> **Caption-style text data**
____________________

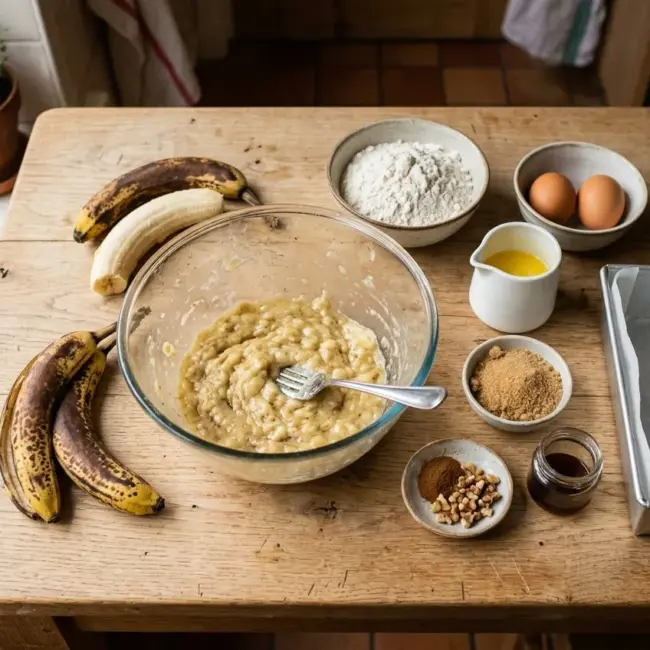 Geprakte rijpe bananen en ingrediënten voor bananenbrood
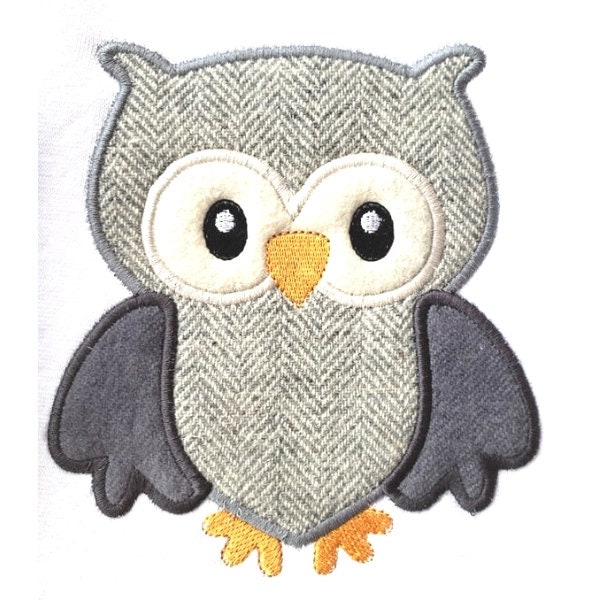 Owl boy or girl applique embroidery design download for embroidery machine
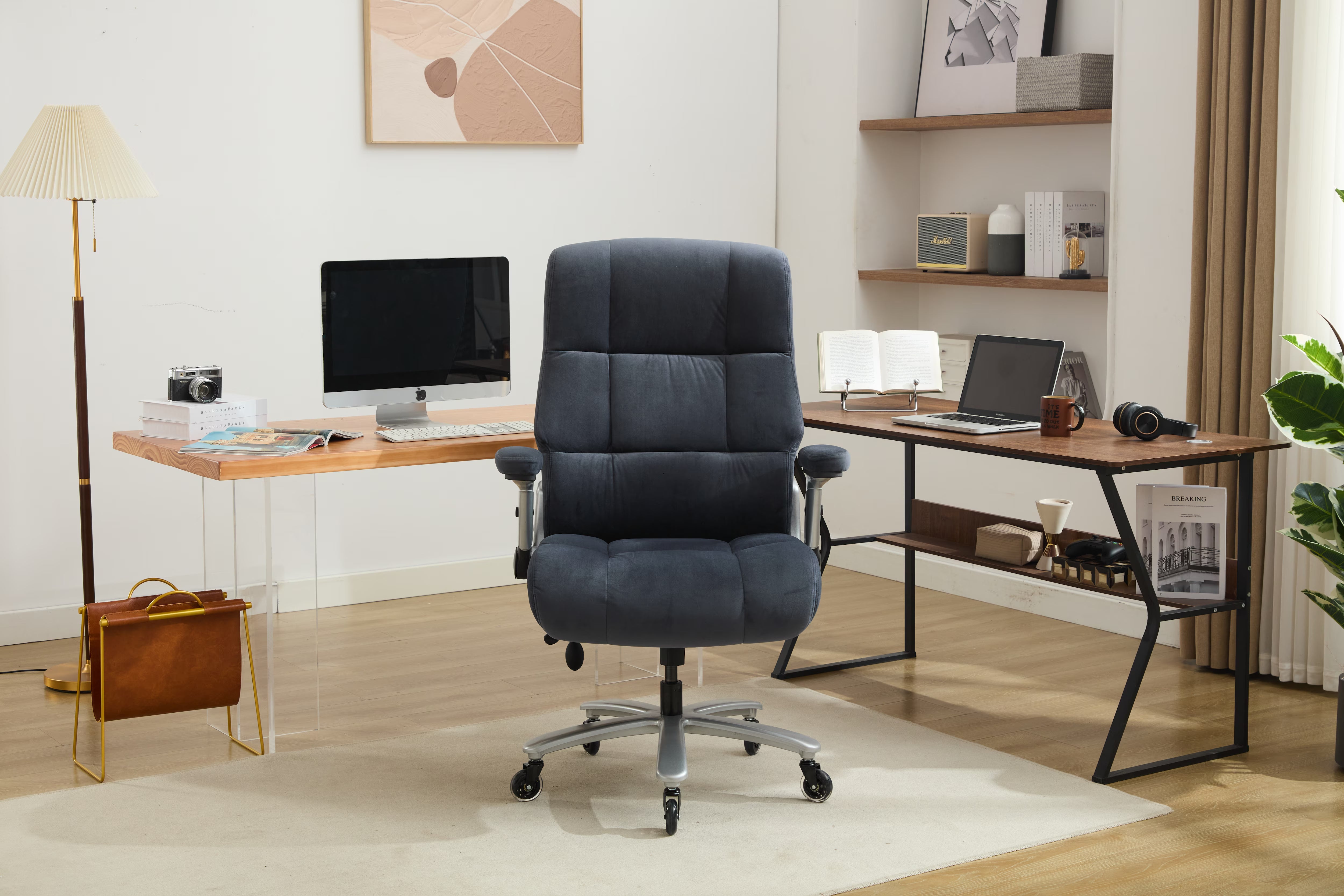 Executive Ergonomic Chair for Heavy People 500lbs - Adjustable Lumbar & Headrest, Flip-Up Arms, Extra Wide Seat (Big and Tall Office Chair)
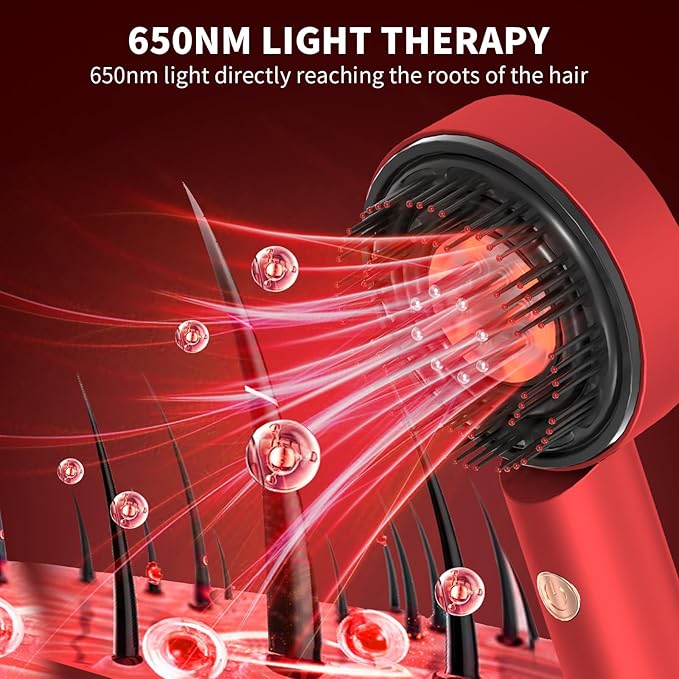 Electric Scalp Massager, 3 in 1 Hair Oil Applicator, Scalp Care Brush, IPX7 Waterproof, Cordless & Portable Scalp Brush for Home & Travel, Red
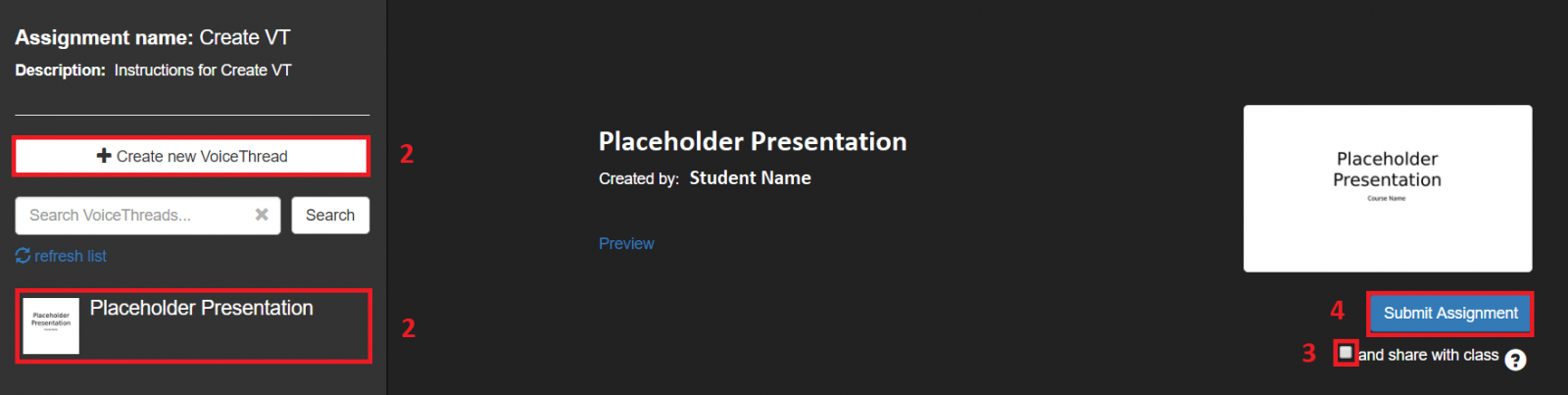 Screenshot of student submission page for a create a VoiceThread assignment.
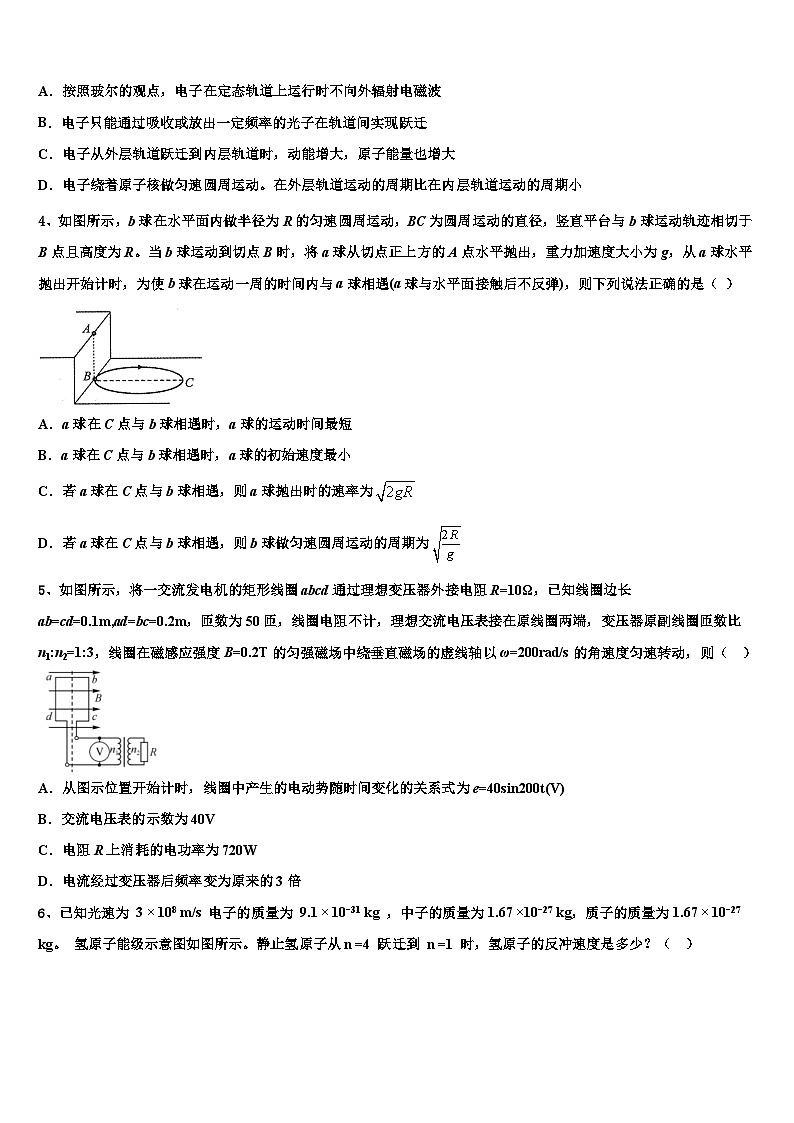 2026届吉林省长春市高中名校高三冲刺模拟物理试卷含解析第2页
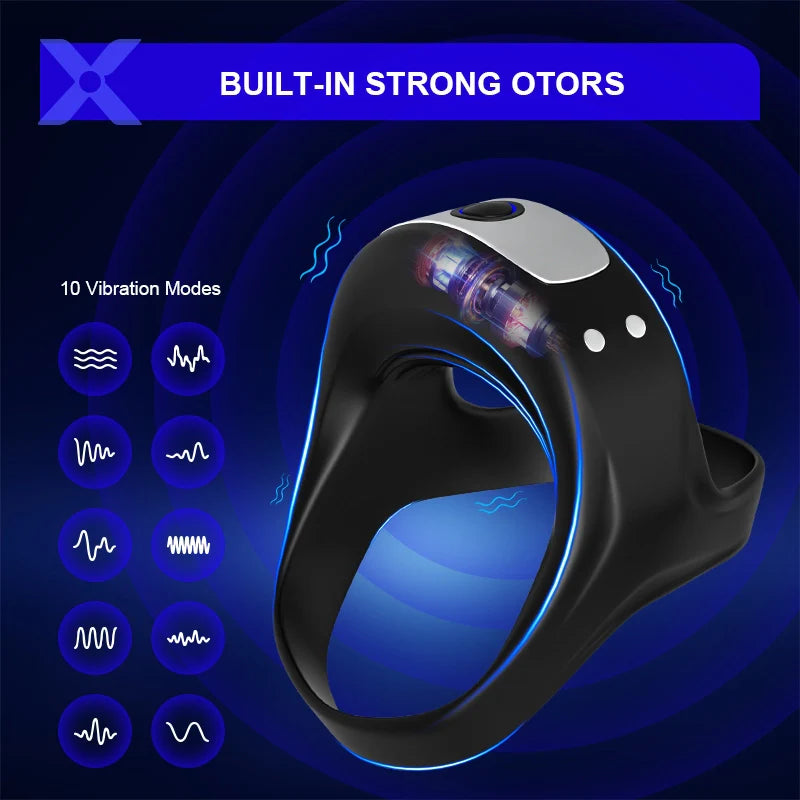 PR7 Vibrating Cock Ring: Dual-Ring Triangular Support for Endurance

____________________

> **YOUR GOAL**
Leave every picture out. Retype the remaining data exactly.

> **YOUR SOLUTION**
 Geprakte rijpe bananen en ingrediënten voor bananenbrood
 Owl boy or girl applique embroidery design download for embroidery machine
 Executive Ergonomic Chair for Heavy People 500lbs - Adjustable Lumbar & Headrest, Flip-Up Arms, Extra Wide Seat (Big and Tall Office Chair)
 Electric Scalp Massager, 3 in 1 Hair Oil Applicator, Scalp Care Brush, IPX7 Waterproof, Cordless & Portable Scalp Brush for Home & Travel, Red
 Screenshot of student submission page for a create a VoiceThread assignment.
 2026届吉林省长春市高中名校高三冲刺模拟物理试卷含解析第2页
 PR7 Vibrating Cock Ring: Dual-Ring Triangular Support for Endurance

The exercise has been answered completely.